**Data for the task**
----------------

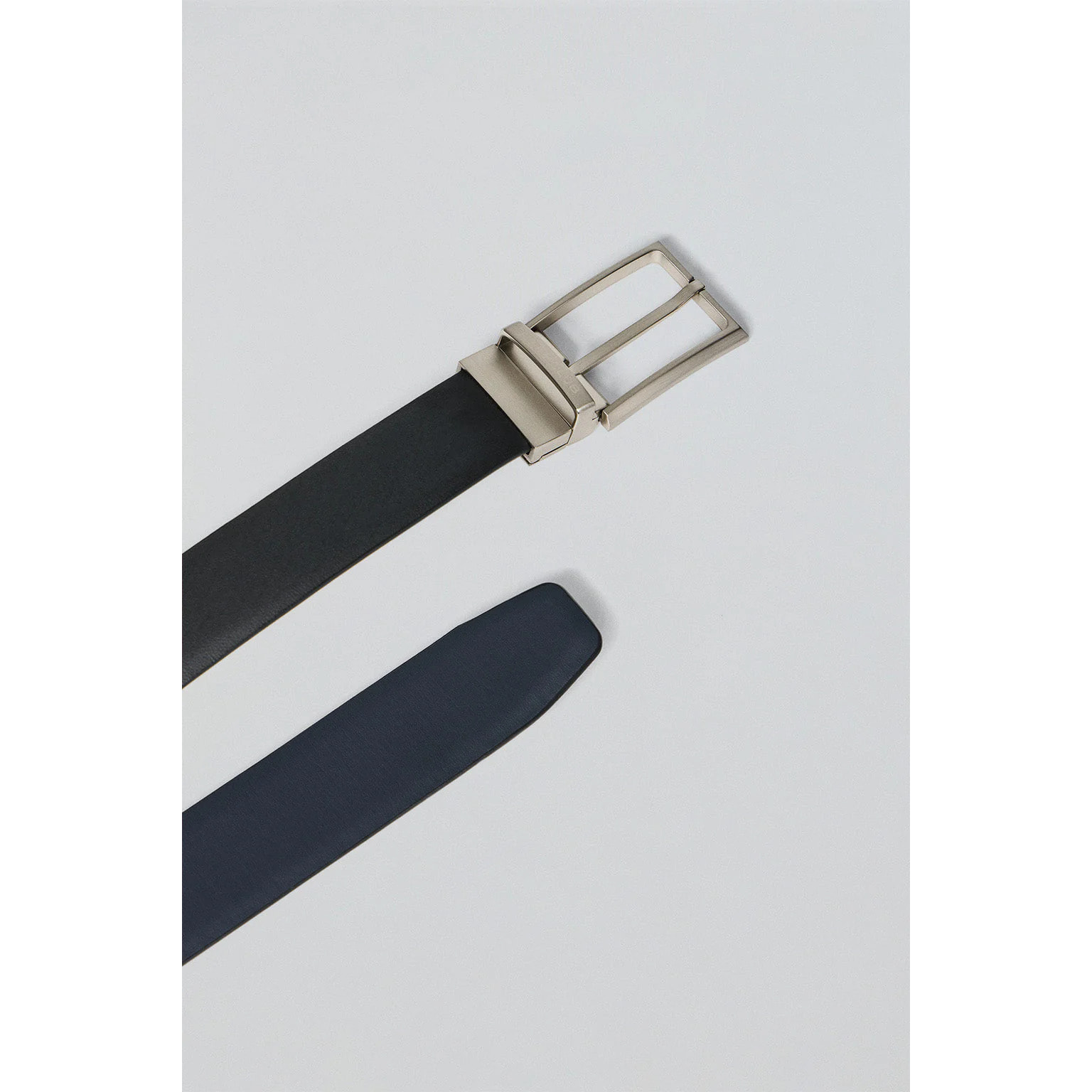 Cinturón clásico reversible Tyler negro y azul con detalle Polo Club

----------------

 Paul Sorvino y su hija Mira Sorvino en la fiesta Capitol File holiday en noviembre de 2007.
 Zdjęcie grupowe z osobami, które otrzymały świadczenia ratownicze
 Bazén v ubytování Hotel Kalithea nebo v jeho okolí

----------------

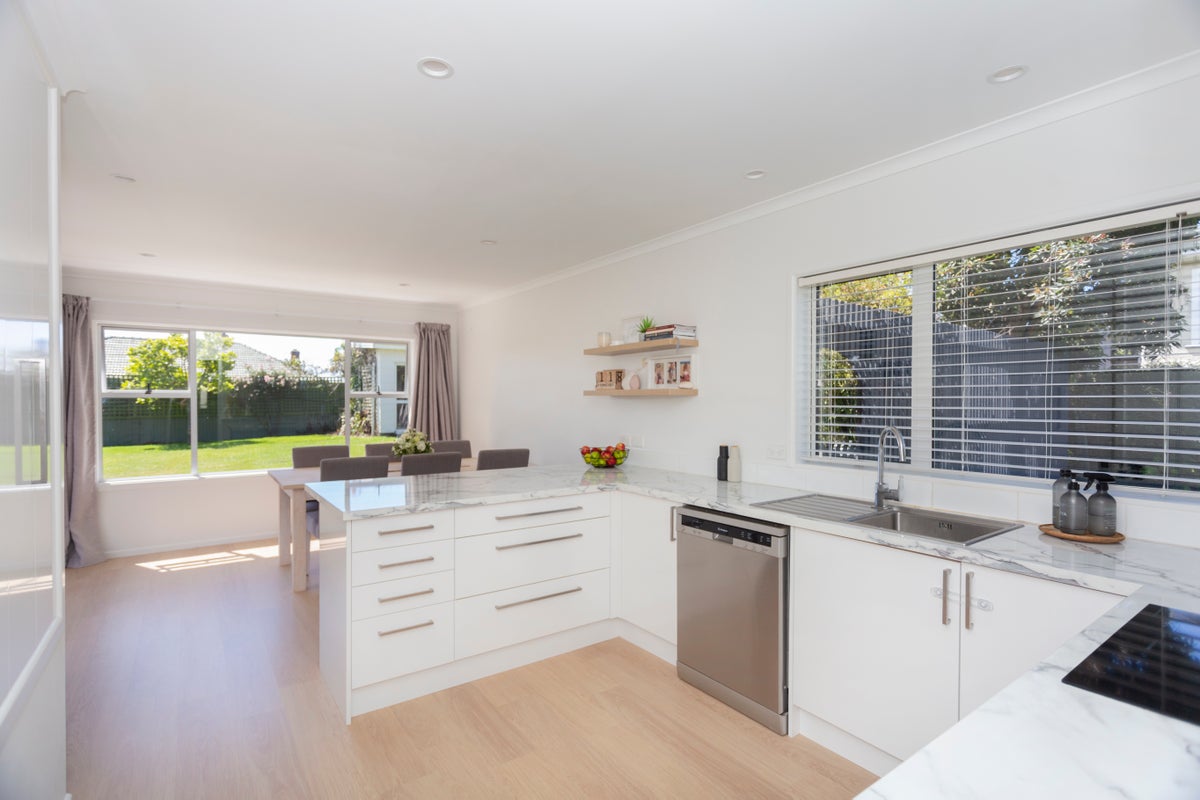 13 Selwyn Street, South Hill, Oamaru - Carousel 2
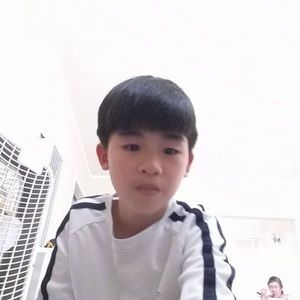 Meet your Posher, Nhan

----------------

**Assigned task**
Once you find the line with "Zdjęcie grupowe z" above, print it and every line after it up to and including the line with "Bazén v ubytování", exactly as written and nothing else.

**Answer box**
 Zdjęcie grupowe z osobami, które otrzymały świadczenia ratownicze
 Bazén v ubytování Hotel Kalithea nebo v jeho okolí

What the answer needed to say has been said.